Approach to either harbour from the South holds no dangers
.....and as long as you are within a couple of hours of High Water they may be entered safely but be aware that once you are in you will have to be able to take the ground wherever you clew up. Laxey is tucked in the north corner of Laxey bay and may be a little difficult to pick out but if you head north from Clay Head you’ll trip over it eventually.
Ramsey from the North is a different kettle of fish. The currents around the Point of Ayre have, over the millennia formed a series banks stretching out to the East which should be avoided, especially in heavy weather when the seas break over them. There is also a problem in that chart depths on the West coast to the SW of the Point of Ayre are based on Victorian lead line surveys and are no longer accurate, there being reports of depths as much as 2 meters less than that expected. In suitable conditions the best bet is to come in North of the Strunakill Bank then tight to the Point of Ayre and slip inside the Whitestone Bank; alternatively, if coming up from Peel stand off Rue Point (SW of Ayre) and then shape a course to pass between the Strunakill Bank and the Point. If you decide to go outside the Whitestone Bank to the East of the Point of Ayre you are committing yourself to an unnecessarily long passage around the Bahama Bank.
The tidal streams around Point Ayre are quite fierce, reaching 3.5kts at Springs. East going starts at Dover +0600 and the West going at Dover -0015.
Ramsey will be obvious from miles away as it has tall white buildings to both the north and South of the harbour entrance. It must be emphasized that in any strong easterly winds you should not attempt to enter either harbour.
In Laxey you have the choice of a visitors’ buoy
........ a mile SW of the harbour in Garwick Bay or mooring next to one of the ladders on the South Pier if you can take the ground. The holding is good on sand just to the SW of the harbour entrance and anchoring there has to be a favoured option in light or off shore winds.
At Ramsey you will probably be directed to an alongside berth on the quay below the swing bridge. The East Quay is reserved for commercial traffic. If you can take the ground you could anchor on the bank north of the dolphin but that is uncomfortable if a swell sets in from the east. If the outer harbour is busy (as it well may be) you may be directed through the swing bridge to the inner harbour to dry out alongside the West Quay. As has been said there are a couple of visitors buoys just to the North of the end of the Queens Pier in the summer.
At Laxey there is fresh water from a tap on the quay, limited provisions close to the harbour and showers in the sailing club when it is open.
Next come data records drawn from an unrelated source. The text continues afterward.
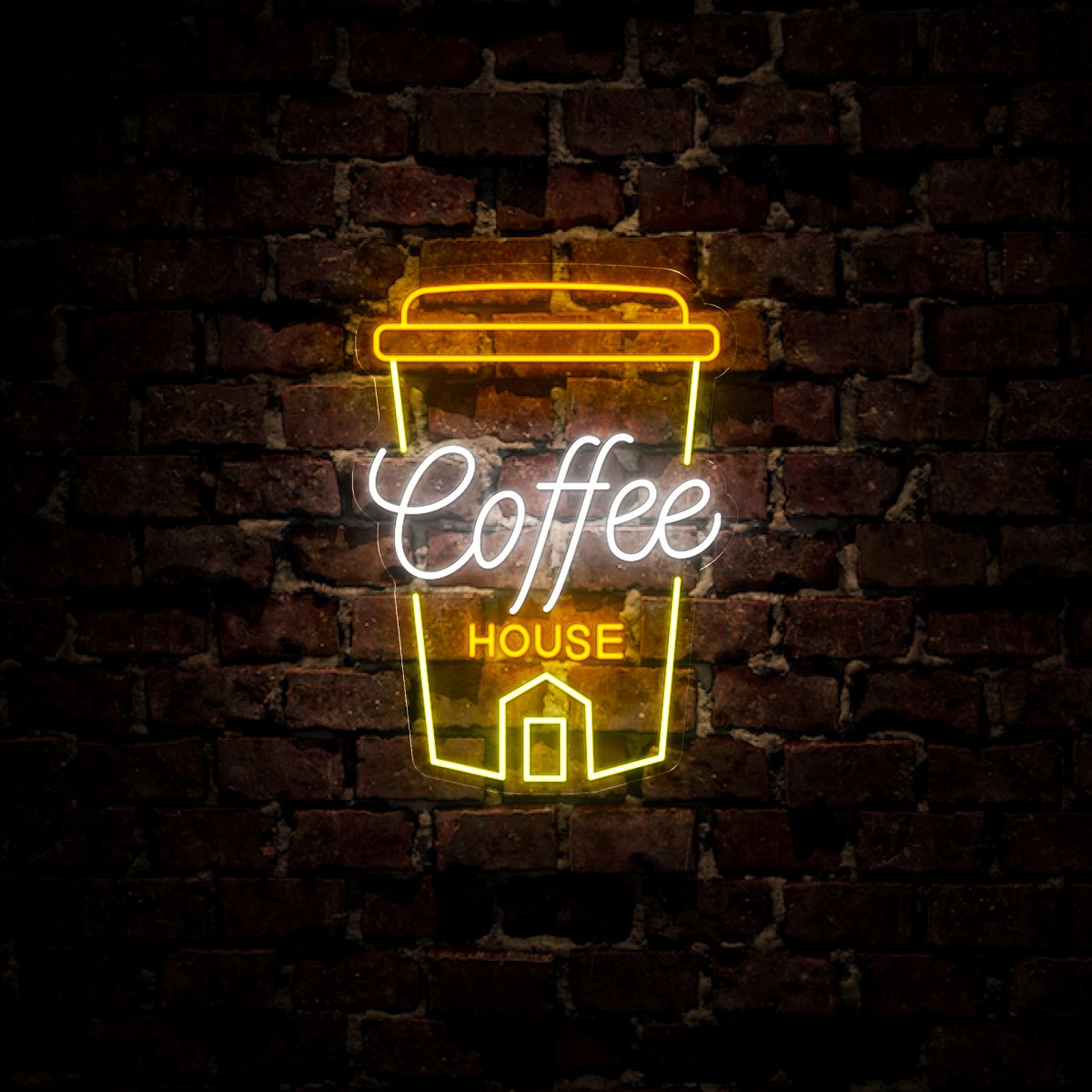 Coffee House Neon Sign - Reels Custom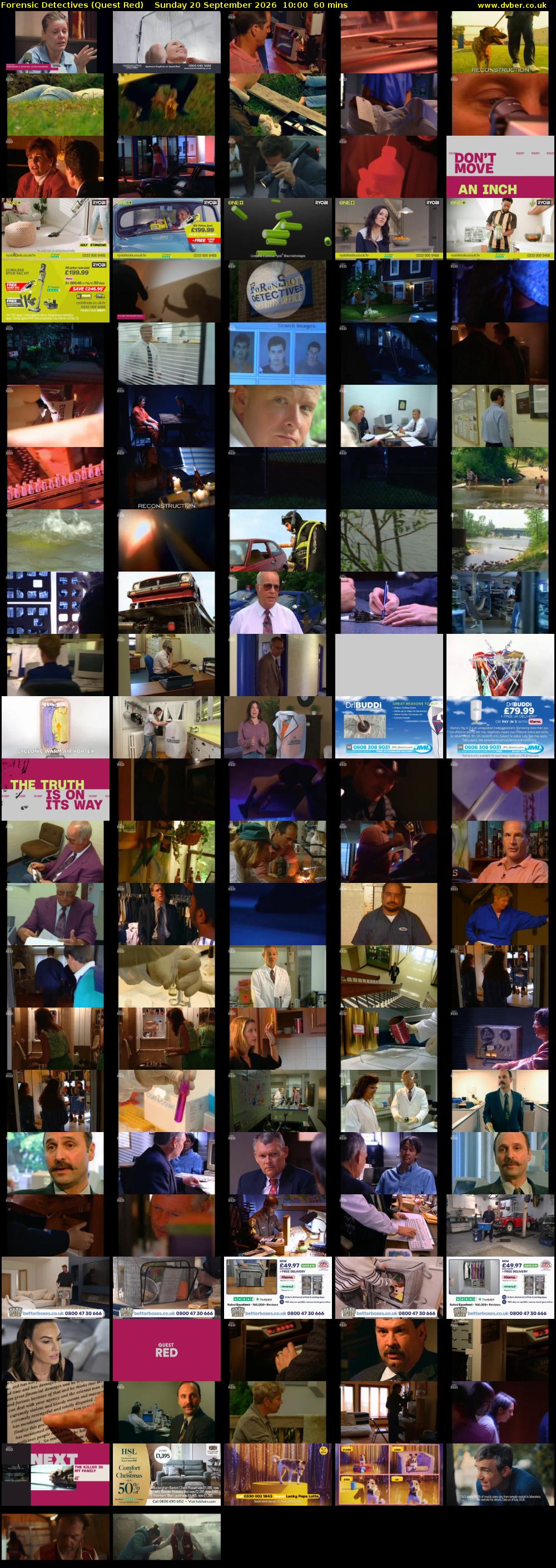 Forensic Detectives (Quest Red) Sunday 20 September 2026 10:00 - 11:00
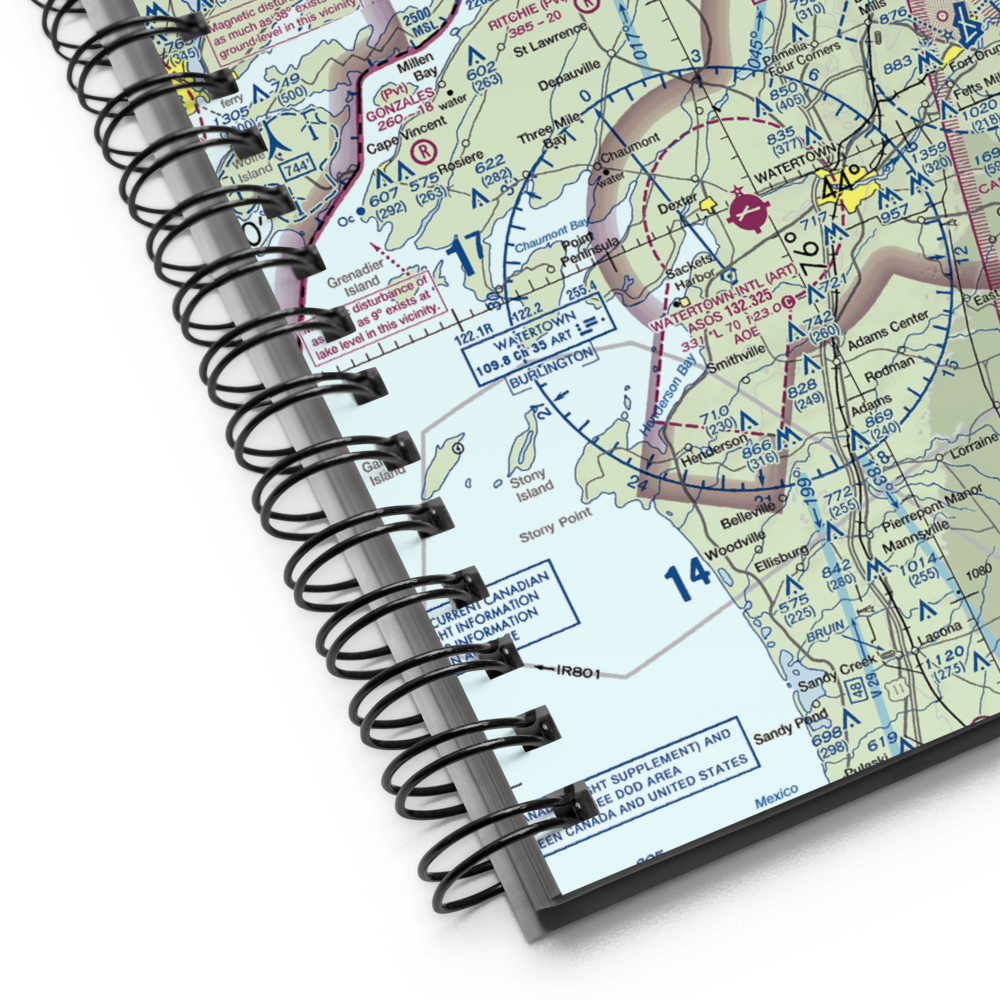 Tims Angus Farm Airport (US-0026) VFR Sectional Notebook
We understand that the HM of Ramsey can provide a code for visitors to access the club if it is closed.
Manx Sailing and Cruising Club
Ramsey is better provided for; there’s water and shore power on the quays, showers and toilets in the yacht club (the HM has the access code in the Harbour Office). Diesel and petrol can be obtained in cans and there are plenty of shops for provisions. There is also a small boat yard with a slip if you need repairs.
There is little at Laxey apart from a pub, a seaside café and an Italian restaurant.
Ramsey is a lot better having some busy, if narrow, shopping streets, plenty of pubs and eateries. It has to be said that Ramsey today is not what it used to be although “Nightlife” the only night club in the North of the Island has recently reopened in Market Place.
Ramsey is also the terminus of the Manx Electric Railway giving access to the rest of island including of course Snaefell if you change at Laxey.